Interview de Catherine Vautrin, ministre déléguée à la Cohésion sociale

Quel bilan général tirez-vous de l’action gouvernementale depuis un an ?

Le gouvernement a tenu tous ses engagements. On a vraiment fait avancer les choses. Pour tout ce qui est rénovation urbaine, on a besoin de temps, mais les actions sont lancées. Cela, il nous faut l’expliquer tous les jours. Aujourd’hui, nous sommes dans une phase d’application de la rénovation urbaine avec 230 projets qui concernent 400 quartiers. A La Duchère à Lyon ou à Chanteloup-les-Vignes, les gens prennent possession de leurs nouvelles habitations et cela créé des nouveaux rapports dans les quartiers.

A quoi va servir la nouvelle agence nationale de cohésion sociale ?

Elle a quatre missions essentielles : la politique de la ville, la lutte contre les discriminations, la lutte contre l’illettrisme mais aussi la mise en place du nouveaux service civile volontaire. Nous avons identifié les associations avec lesquelles nous allons travailler. Celles-ci vont coaché les jeunes de 16 à 25 ans qui vont remplir une mission d’intérêt public durant 6, 9 ou 12 mois. Nous aurons ces premiers volontaires d’ici la fin de l’année. D’une manière générale, l’agence nationale de cohésion sociale sera un outil à la disposition des partenaires associatifs et élus. Nous sommes en train de préparer les nouveaux contrats urbains de cohésion sociale qui vont remplacer les contrats de ville.

Certains élus se plaignent justement d’une rupture trop grande…
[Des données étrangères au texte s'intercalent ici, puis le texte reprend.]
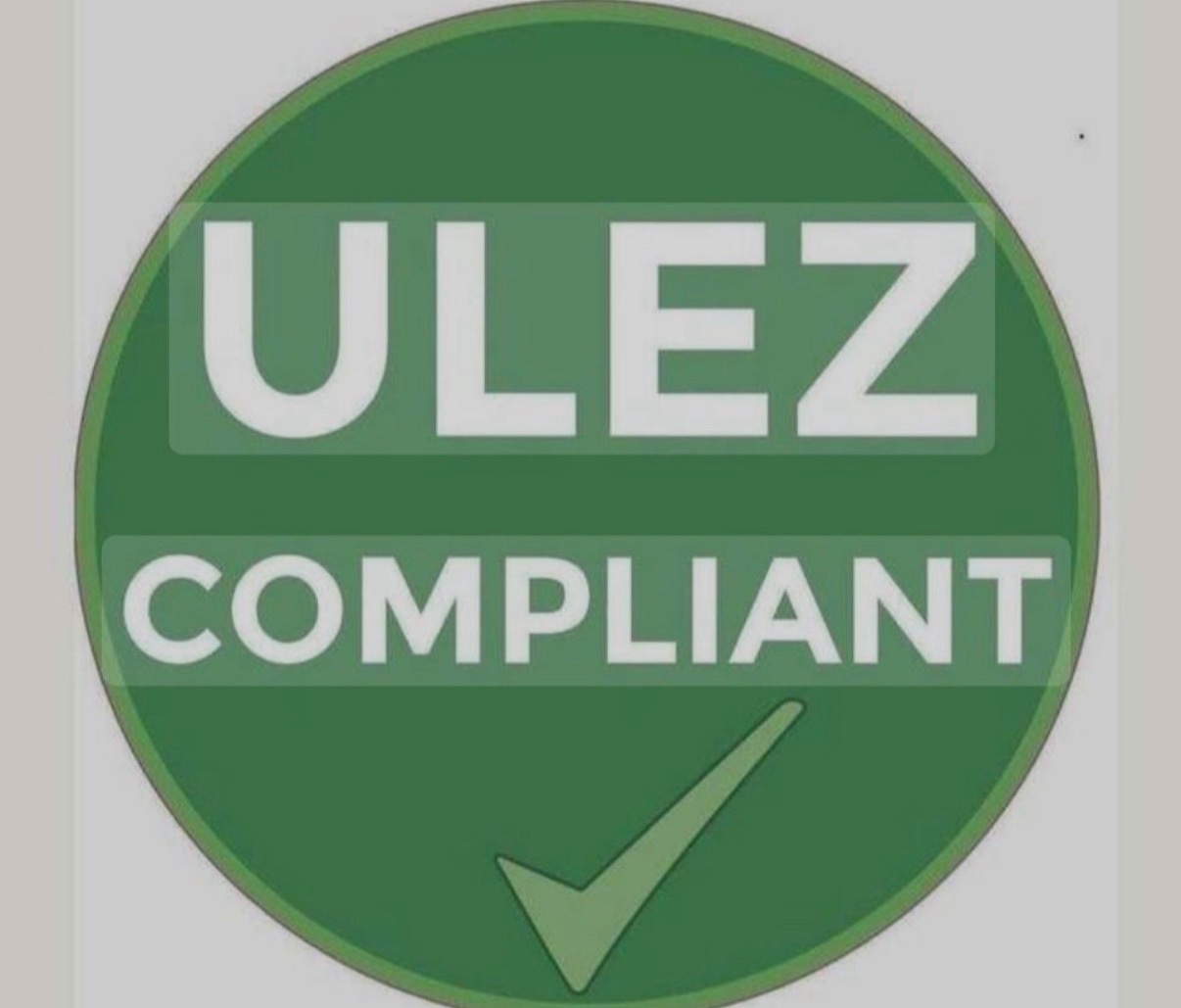 Used Nissan Juke 2016 for sale - 77632711: Photo 20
Maintenant que l’agence de cohésion sociale existe, elle va faire le lien entre les différentes structures. L’idée c’est de maintenir les anciens contrats pendant qu’on finalise les nouveaux. S’il le faut, nous financerons par anticipation.

Des associations de terrain s’estiment oubliées. Est-ce le cas ?

Non pas du tout. Les contrats de cohésion sociale sont d’ailleurs faits avec les maires parce que eux connaissent les acteurs locaux et les associations qui sont sur le terrain.